- What the task asks -
An exact transcription of all the data is required, with every image removed.

** Material provided follows **

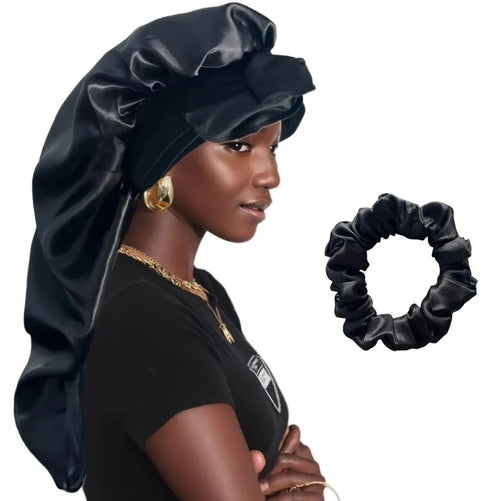 Women Bonnet Satin Sleeping Hat Long Tail Braid Hair Night Sleep Cap Head Cover Bonnets Shower Caps for Sauna Bathing Bonnet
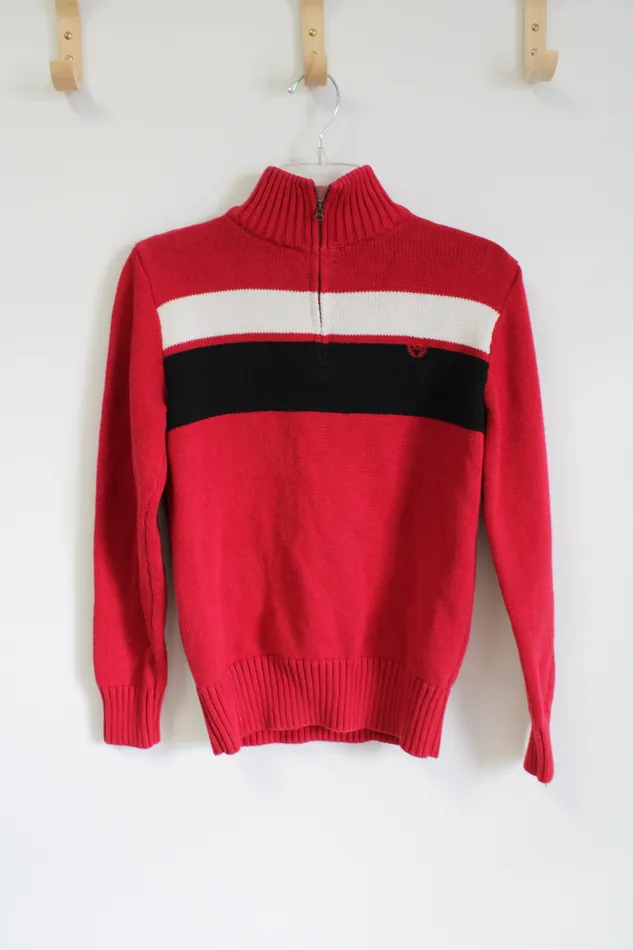 Chaps Earrings Chaps Red Thick Knit Cotton Quarter Zip Sweater 1820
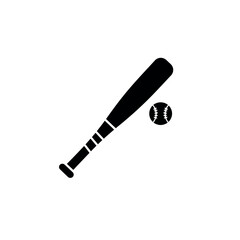Baseball Bat and Ball Silhouette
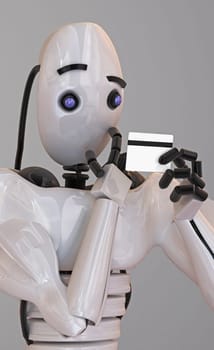 Robot holding a credit card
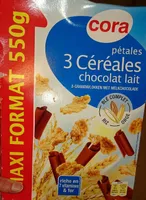 Pétales 3 céréales chocolat au lait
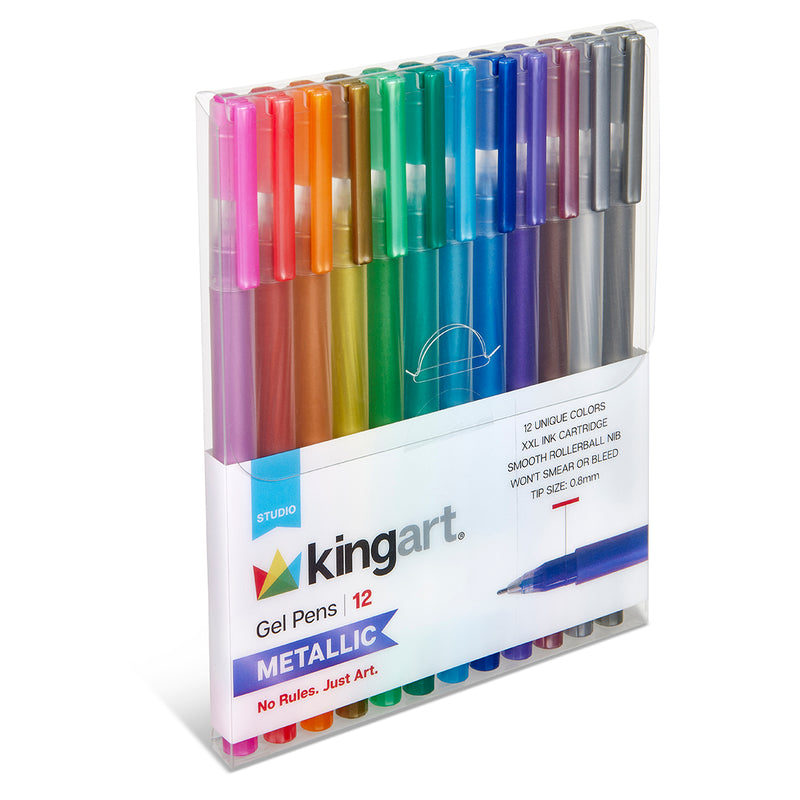 Gel Pens 12 Metallic Colors - Studio - KINGART
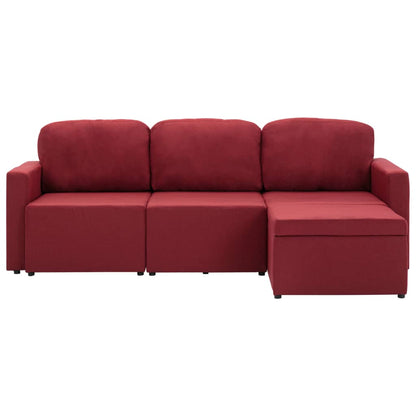 Sofá-cama modular de 3 lugares tecido vermelho tinto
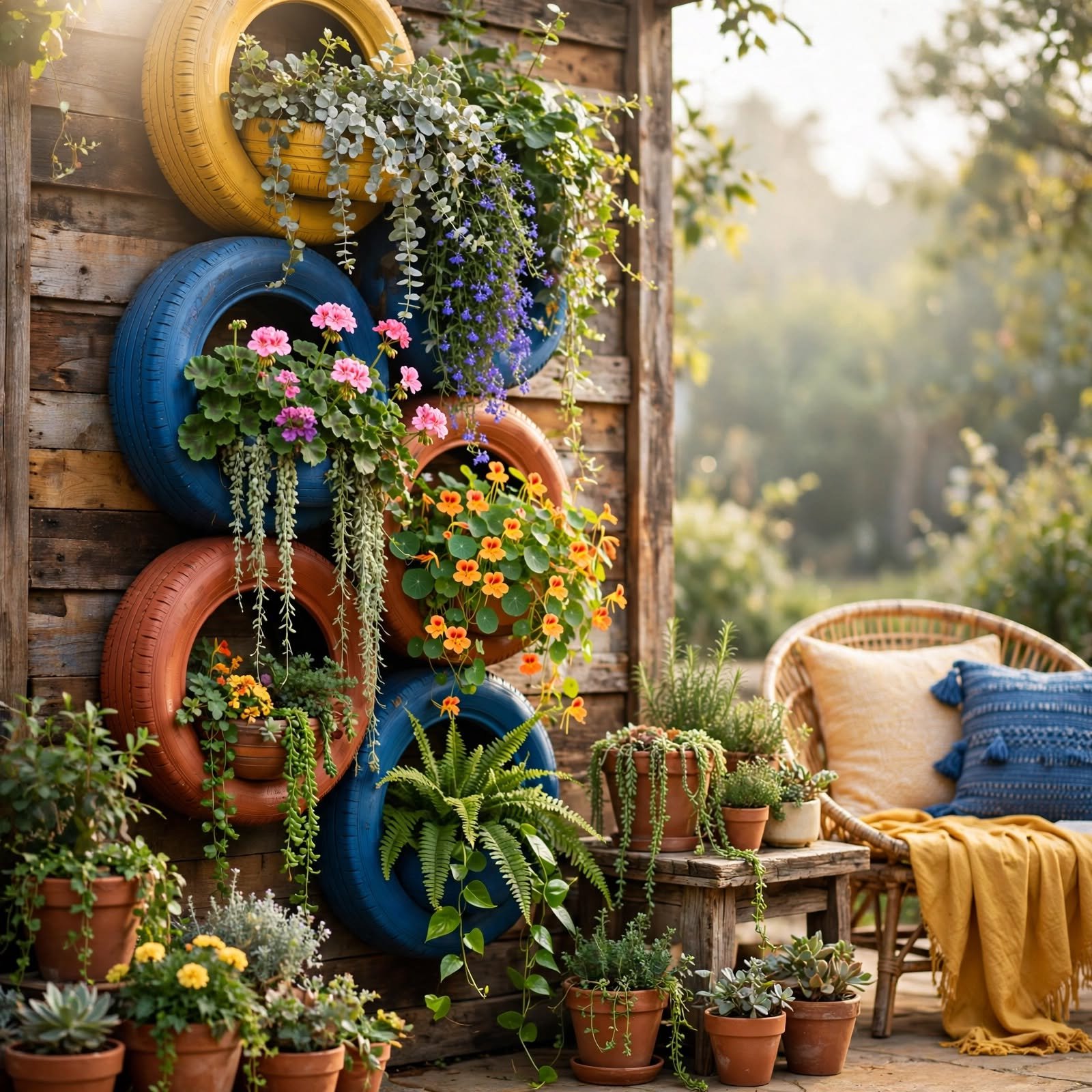 17. Recycled Tire Planter Wall for Outdoor Wall Decor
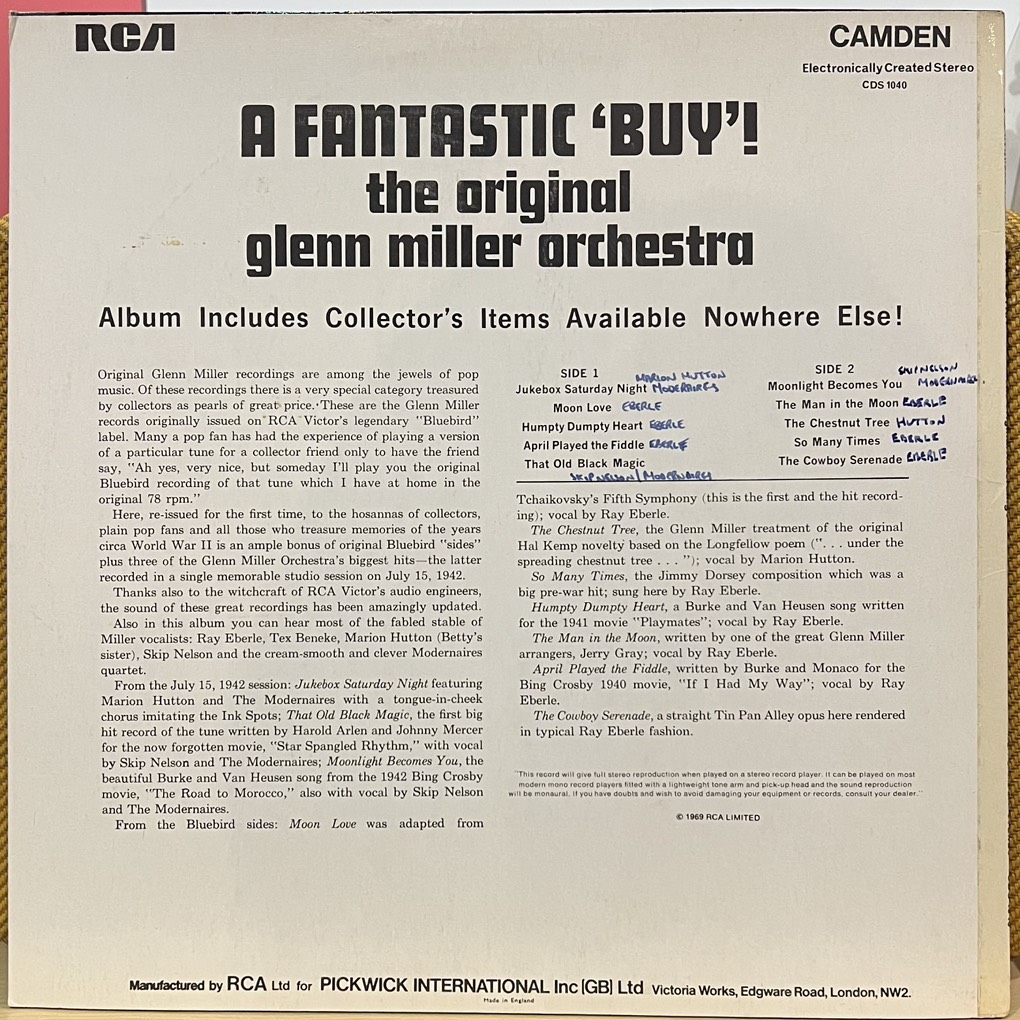 vinyl Glenn Miller And His Orchestra – The Original Recordings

** End of Material provided **

- Task response -
 Women Bonnet Satin Sleeping Hat Long Tail Braid Hair Night Sleep Cap Head Cover Bonnets Shower Caps for Sauna Bathing Bonnet
 Chaps Earrings Chaps Red Thick Knit Cotton Quarter Zip Sweater 1820
Baseball Bat and Ball Silhouette
 Robot holding a credit card
 Pétales 3 céréales chocolat au lait
 Gel Pens 12 Metallic Colors - Studio - KINGART
 Sofá-cama modular de 3 lugares tecido vermelho tinto
 17. Recycled Tire Planter Wall for Outdoor Wall Decor
 vinyl Glenn Miller And His Orchestra – The Original Recordings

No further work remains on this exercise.